I have at hand the book by Clifford Will, "Theory and Experiments in Gravitational Physics", and the following Living Reviews in Relativity article. He quotes the Einstein Equivalence Principle (EEP) as follows [Will2006, 3.2]:
- "mass" is proportional to "weight", hence trajectories of freely falling "test" bodies are independent of their masses, structures and compositions; (Newton EP, or Week EP)
- local non-gravitational test experiments are independent of the velocity of the freely falling reference frame in which they're performed. That is, Special Relativity (as well as QED and so on) is locally valid; (Local Lorentz Invariance, LLI)
- these experiments are also independent of where and when in the Universe they're performed. (Local Position Invariance, LPI)
Then Will claims that
it's possible to argue convincingly that if EEP is valid, than gravity must be a "curved spacetime" phenomenon. [...] The only theories that can fully embody EEP are those that satisfy the postulates of "metric theories of gravity", which are
- The spacetime manifold has a symmetric metric $g_{\mu\nu}$;
- trajectories of freely falling test bodies are geodesics of $g_{\mu\nu}$;
- locally, the non-gravitational laws of physics are those of Special Relativity, QED and so on...
Ok, this claim is more than reasonable and experimental tests of EEP made with metric theories have yield optimal results and confirmations. But, is it rigorous or exhaustive? Is there the possibility of a technical fault with testing EEP with metric theories? I mean, can I test this claim at the same time as EEP, and vice versa? Is teleparallelism an alternative to the introduction of a metric?

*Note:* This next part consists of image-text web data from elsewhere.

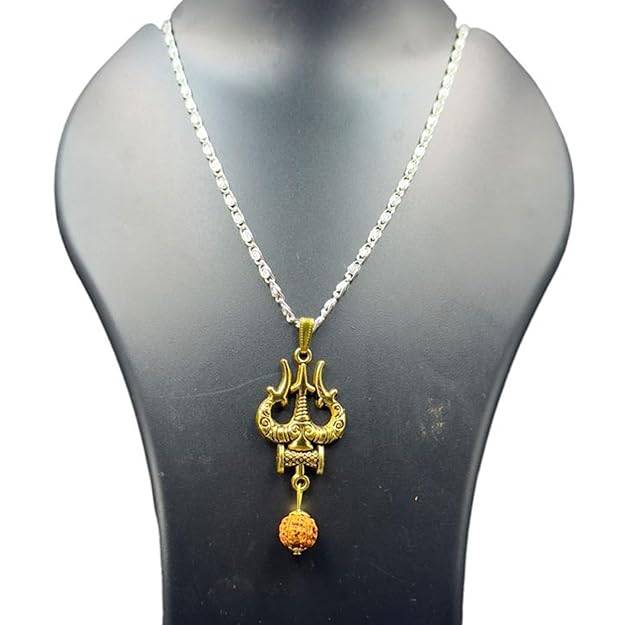 Jewelry Lord Shiva Trishul & Damru Pendant For Men'S: Gold & Rhodium Plated Sacred "Mahadev Bholenath Tri : OSAK003-2TNPENDANT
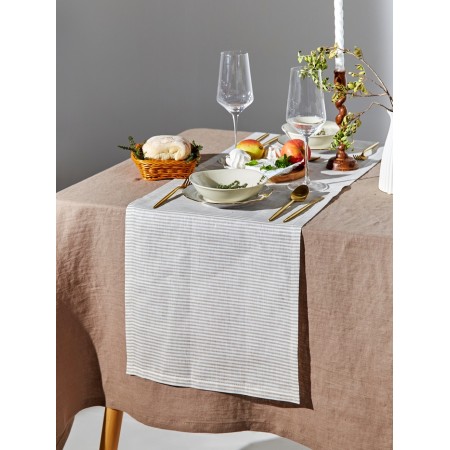 The path to the Ethel StraightForward 40 × 146 cm, flax 100%, 180 g/m², white/gray-1
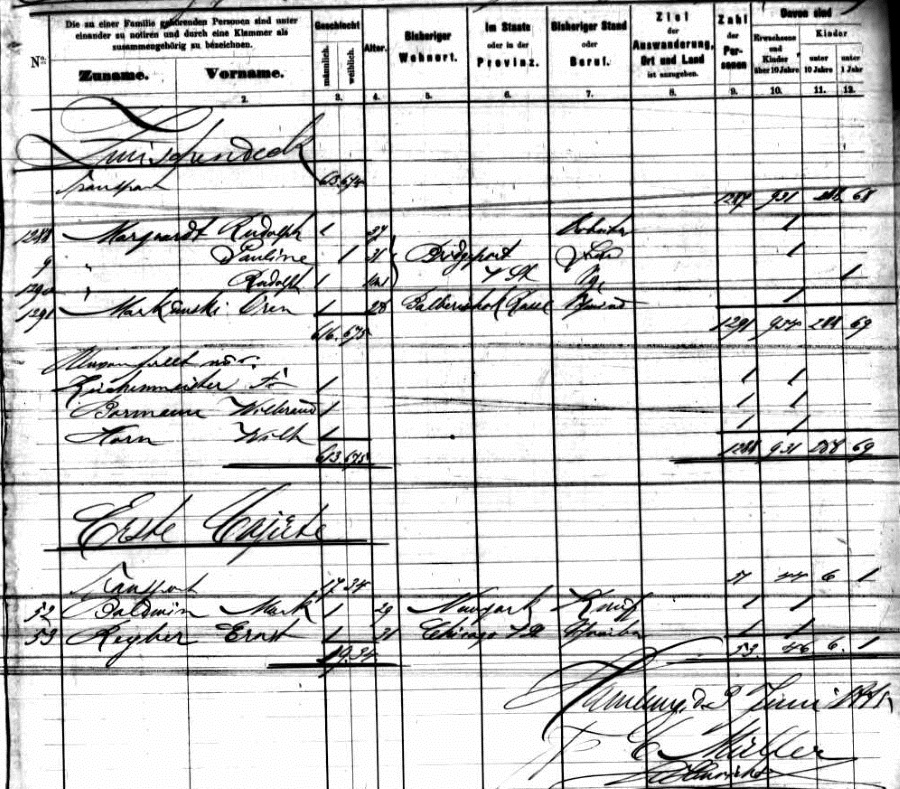 John Zielinski Hamburg Psgr List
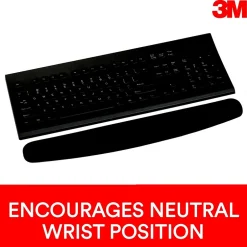 3M ™ Foam Wrist Rest for Keyboards, Black, Durable Fabric Cover, Anti-microbial Product Protection (WR209MB)* Ergonomic Wrist Rests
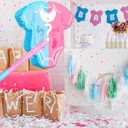 Sratte 4pcs 12.6 x 12 Inches Baby Gender Reveal Piata Set with Confetti Stick Blindfold Pink Blue Pajama Piata Girl Gender Reveal Decorations Party Supplies for Boy Baby Shower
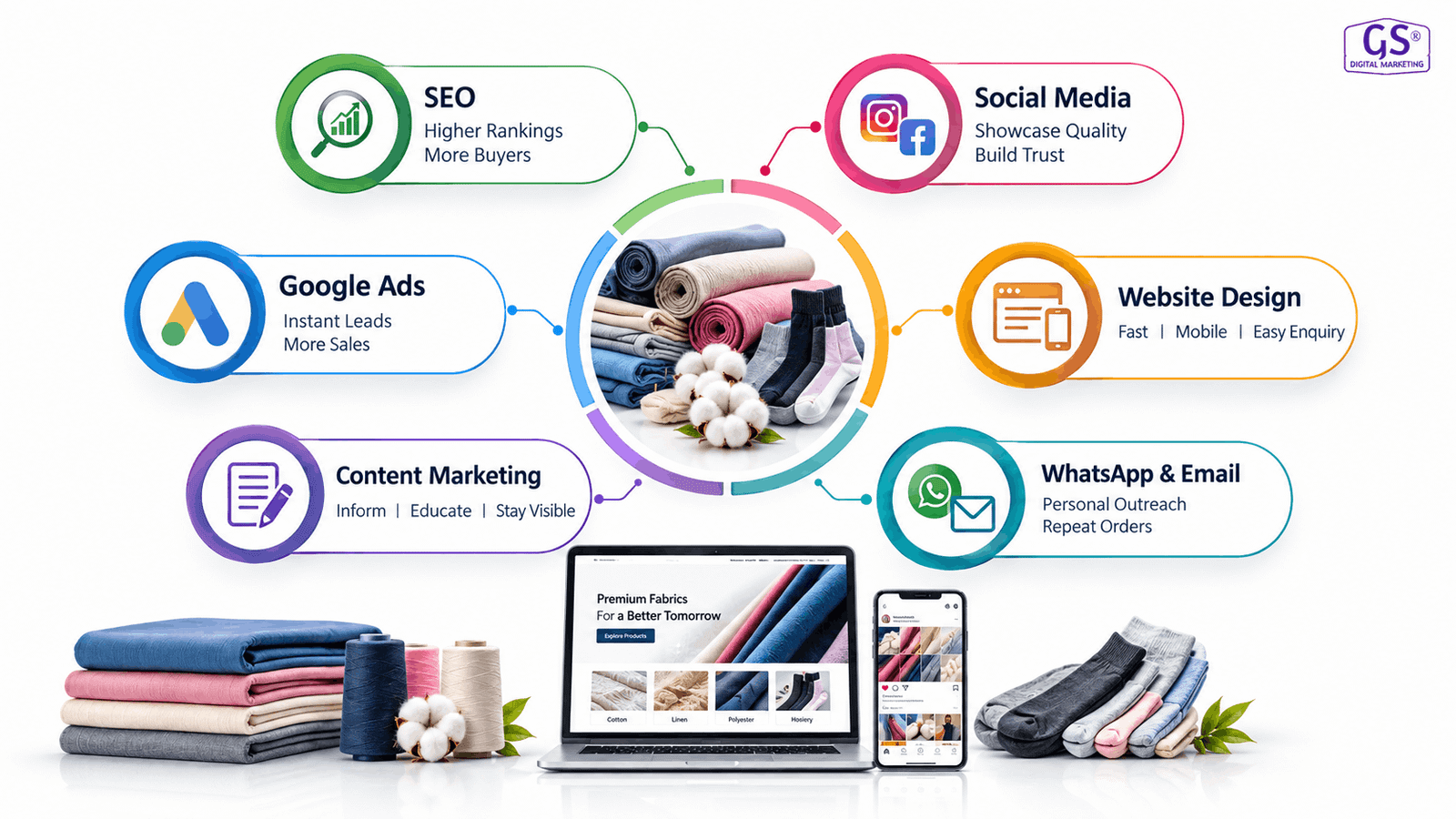 Social media marketing strategy for textile and hosiery brands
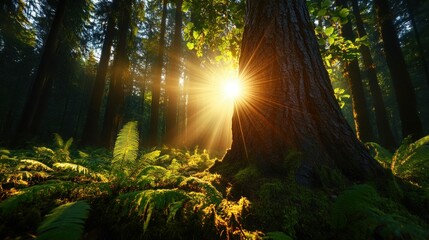 Obraz premium Sunlight streams through forest canopy illuminating ferns and tree trunk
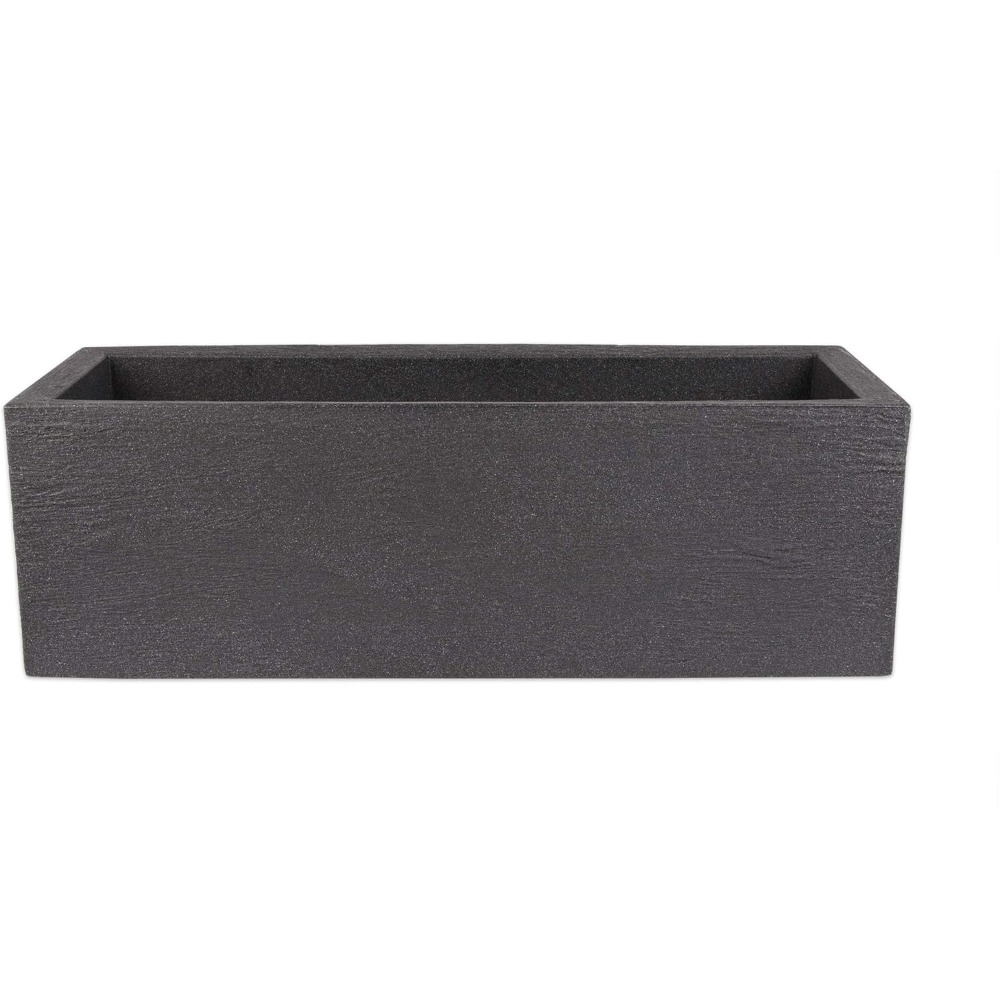 80x30 Cm Plant Container - Granite In Dark - Suitable For Outdoor Use, Resistant To Frost And Water - Extra-large Planter, Flower Container For Terrace And Balcony Gardening Gift Home Decor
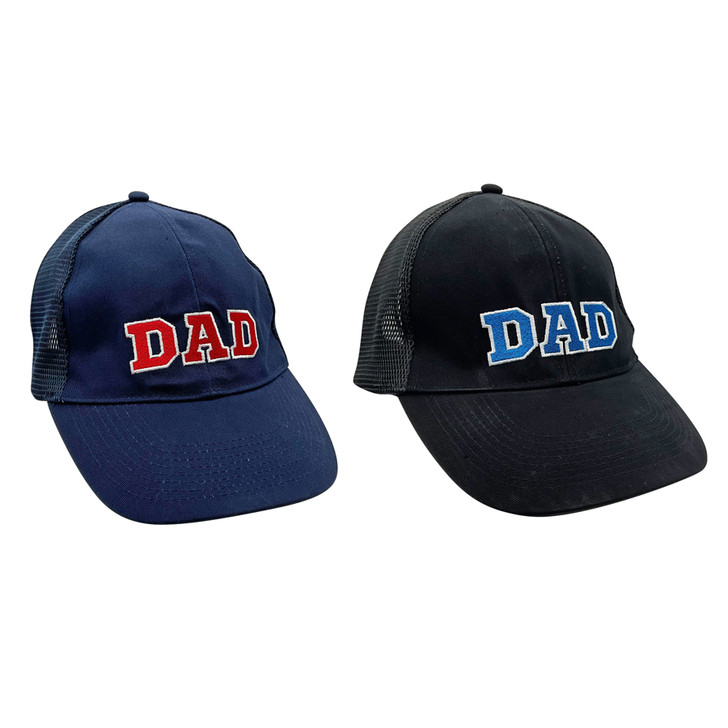 FD2687 Dad Cap
$4.95 plus GST
For top tier gift giving, our new Dad Cap ticks all the boxes.  Sleek and stylish, Dad is going to love it.  Has an adjustable snap at the back.  New product.
Product Info: a cap with stitched logo that says “Dad”.  Available in 2 colours: black cap with blue and white logo, navy cap with red and white logo.  Adjustable snap at back.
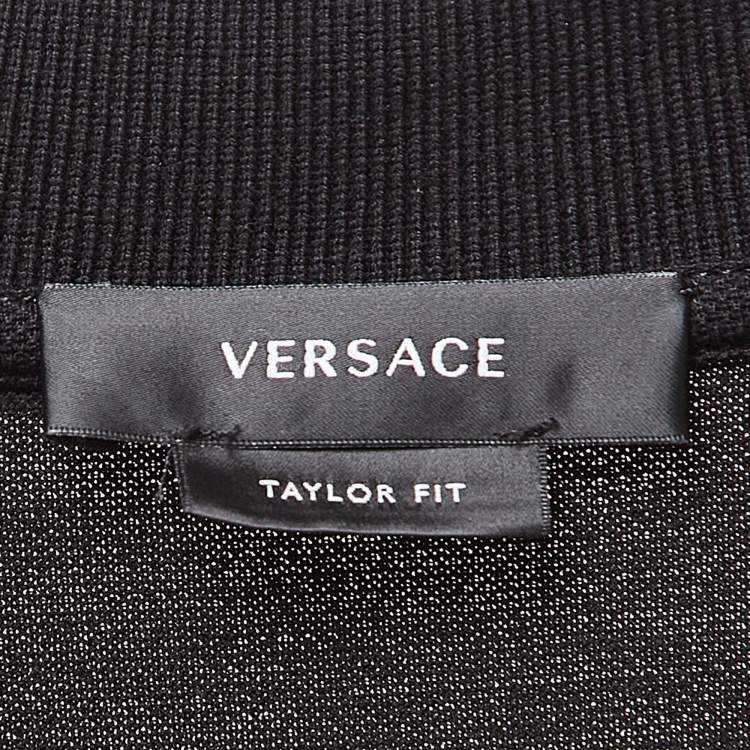 Pre Owned Versace Black Embroidered Cotton Pique Polo Custom Fit T-Shirt M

Though manifolds are a very general concept, and hence saying that the spacetime can be described by a manifold is too general to be wrong, embedding a metric is natural but more subtle and not so obvious to me asserting that gravity can be interpreted with its curvature, as a result of EEP. Can someone convince me that it's the only reasonable thing to do or, on the contrary, show me some alternatives?